On June 14, the rescue ship Aita Mari of the SAR NGO Salvamento Maritimo Humanitario (SMH) performed the rescue of 11 people from a small wooden boat. On the following day, the crew rescued 17 people who had jumped at sea after being intercepted by Libyan coastguards, along with over 100 other people according to SMH. On June 16, 40 people were rescued in a third rescue operation. On June 16, a survivor was medically evacuated by the Italian coastguards. On June 15, the sailing boat Nadir assisted about 30 people in distress. The Italian coastguards then rescued the survivors and disembarked them in Lampedusa. On the same day, the Nadir encountered another distress case in the Maltese Search and Rescue Region, and provided assistance to 70 people until the arrival of the Italian authorities. On June 18, the Nadir assisted 45 other people with food, water and life jackets until the Aita Mari crew arrived and completed the rescue. 112 survivors are now onboard the Aita Mari, waiting for the designation of a place of safety.

On June 17, the rescue ship Louise Michel conducted a first rescue operation of 17 people. 96 other people were rescued in a second operation on June 18, with the support of the sailing boat Nadir. The same day, the crew of Louise Michel rescued an additional 52 people that were adrift at sea for three days.

On June 12, Sea Watch announced that their airplanes would start to fly back again over the Maltese Search and Rescue Region while continuing “to take action against the flight ban on entry into the Libyan Zone”. On June 15, the Seabird airplane for Sea-Watch spotted six boats in distress. It is unknown if they all could be rescued. One landed in Lampedusa according to Sea-Watch.

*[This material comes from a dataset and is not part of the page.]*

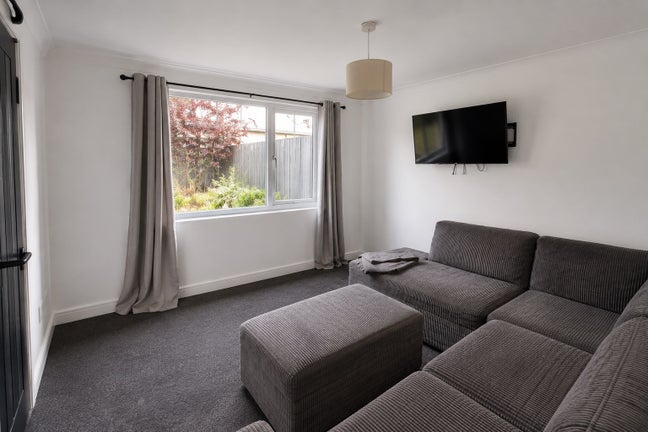 Newly Renovated House Share - All Bills Included Main Photo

On June 18, following a distress alert sent by the Seabird, the merchant ship Aslihan rescued 95 people in the Maltese Search and Rescue Region.

On June 19, the 95 survivors rescued by merchant vessel Aslihan and the 165 people rescued by Louise Michel are transferred onboard the Sea-Watch 4. On June 21, a medical evacuation of one survivor was performed by the Italian coastguards. 312 survivors are currently onboard the Sea-Watch 4 waiting for a place of safety.

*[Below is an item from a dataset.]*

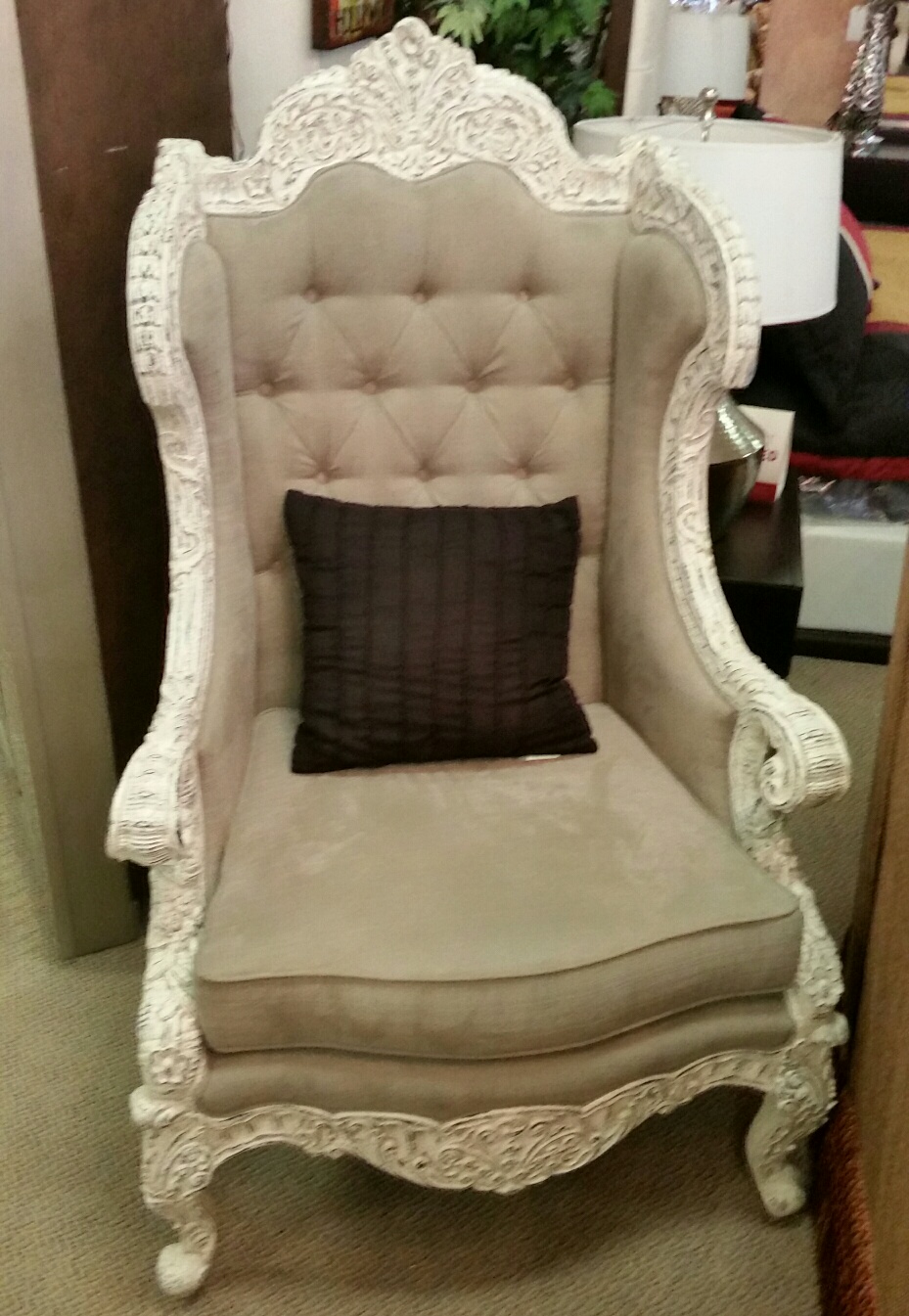 ROYAL WING CHAIR Image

Thousands people forcibly returned to Libya

These past three weeks, according to International Organisation for Migrations, a total of 2,580 people were intercepted and forcibly returned to Libya by the Libyan coastguards: 787 from the 22nd to the 28th of May; 675 during the period from the 29th of May to the 4th of June; 528 during the period from the 5th to the 11th of June, and 590 during the period from the 12th to the 19th of June 2022. A total of 8,860 people were returned in 2022.

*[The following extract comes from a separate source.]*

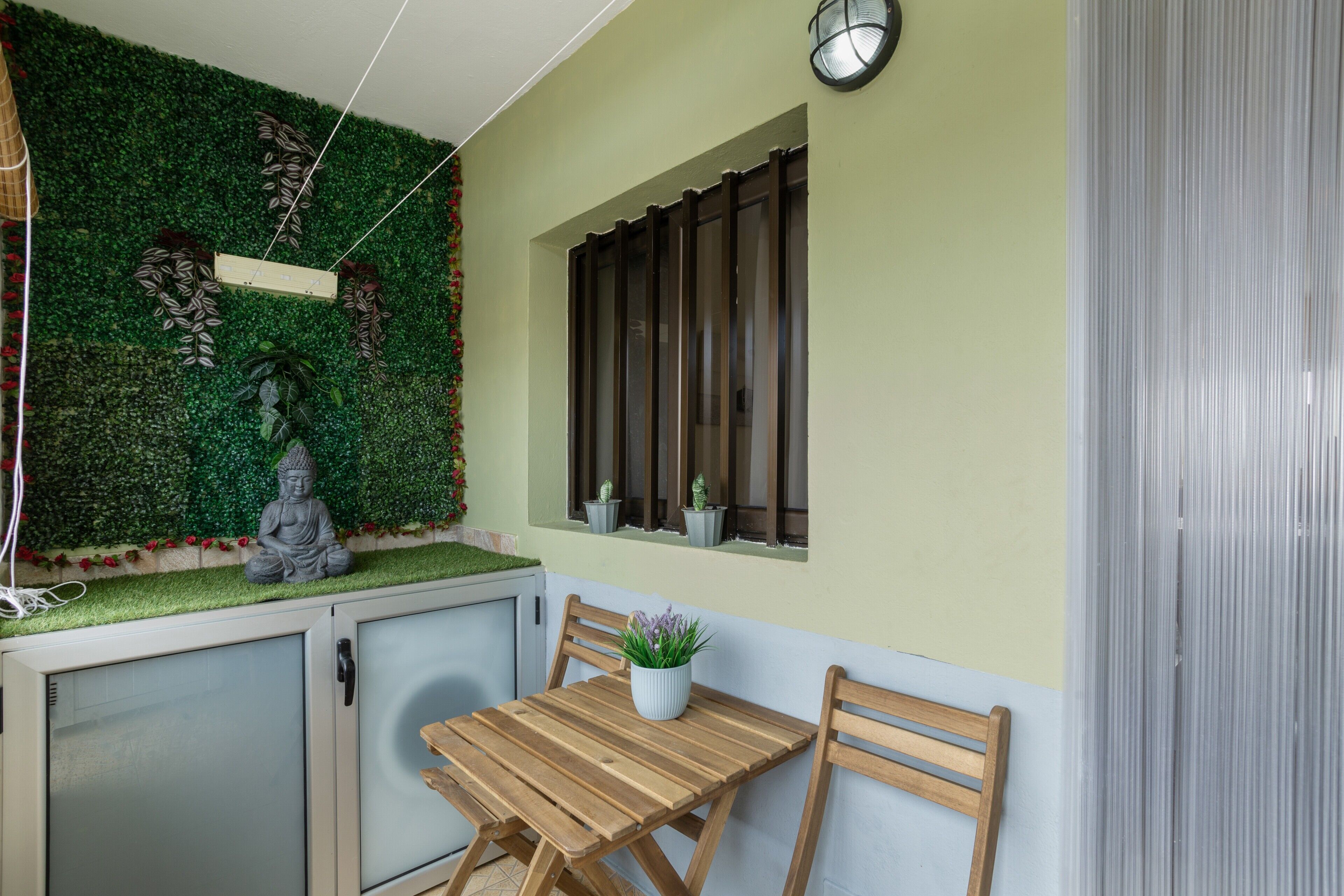 屋外ダイニングエリア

Repeated calls from the United Nations to “re-examine policies on returning migrants to Libya” while European Member States discuss relocation mechanism of survivors

On June 7, Vincent Cochetel, special envoy of the UNHCR for the Central Mediterranean situation, reiterated his call on European Member States to “re-examine policies on returning migrants to Libya” following the call of Stephanie Williams, UN Advisor in Libya, at the UN Security Council to “re-examine their policies that allow interception of refugees and migrants at sea and their return to Libya” as “Libya remains an unsafe place of disembarkation”.

On June 9 and 10, Ministries of Interior of the EU Member States and Schengen associated States gathered in Luxembourg for the latest Justice and Home Affairs (JHA) Council under the French Presidency of the EU. A voluntary agreement on a solidarity mechanism for the relocation of people rescued at sea was proposed by the French Presidency during this meeting, as part of a “gradual approach” to implement the new Pact on Migration and Asylum. The details of the agreement should be finalised by the end of the month (end of the French Presidency).

On June 20, the NGO Médecins Sans Frontières (MSF) released a new report describing the weakness of existing protection mechanisms for people trapped in Libya and call for the evacuation of the most vulnerable people to safe countries. The report describes a situation of arbitrary detention, torture and violence in Libya.